Que a falta de unos pocos días
para las elecciones, el número de personas indecisas supere al de las que ya se
han decidido por la lista mayoritaria, es una buena noticia para la democracia.
Si no hubiera indecisos,
podríamos evitarnos las convocatorias a urnas; bastaría con contar carnés de
afiliados o pasar lista a los seguidores de las cuentas de los líderes políticos en
Twitter.
Hay razones profundas por las
que un ciudadano de cualquier condición puede tener una preferencia invariable:
porque honestamente comparte el ideario de una formación, por compromiso con la
historia y las luchas de sus antecesores… Estas personas conforman los
cimientos de un partido, su suelo. También existe el votante oportunista, que
se limita a sopesar conveniencias inconfesables. Antes que votante, es cliente.

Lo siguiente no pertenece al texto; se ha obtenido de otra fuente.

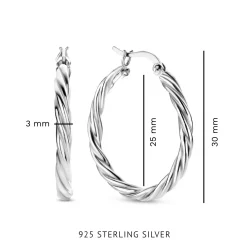 Bibbiena Poppi Viviana 925 Sterling Silber Ohrringe mit Drehung|Parte di Me Sale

Quizá de la cuota de poder de ese partido dependa la firma de un contrato, una
subvención, un trato de favor ante la Administración para sí mismo o para su
marca, empresa o gremio. Pero los ingenieros de la propaganda explotan otros
motivos de decisión. Conocen la sensibilidad de nuestro cerebro a los colores,
ciertas melodías e iconos, a las palabras huecas que parecen decir algo y sólo
despiertan reacciones…
Su fuerza no es desdeñable. A lo largo de la historia, ha tumbado gobiernos corruptos y ha invertido mayorías parlamentarias. No se mantiene fiel con quienes incumplen sus promesas. Tiende a recelar del tic autoritario y a castigar las ilusiones infundadas. Pero, sobre todo, lleva en su propia indecisión las marcas de la diversidad. Al considerar en su conciencia dos, tres opciones, cobija la semilla de la pluralidad que es la base de las democracias.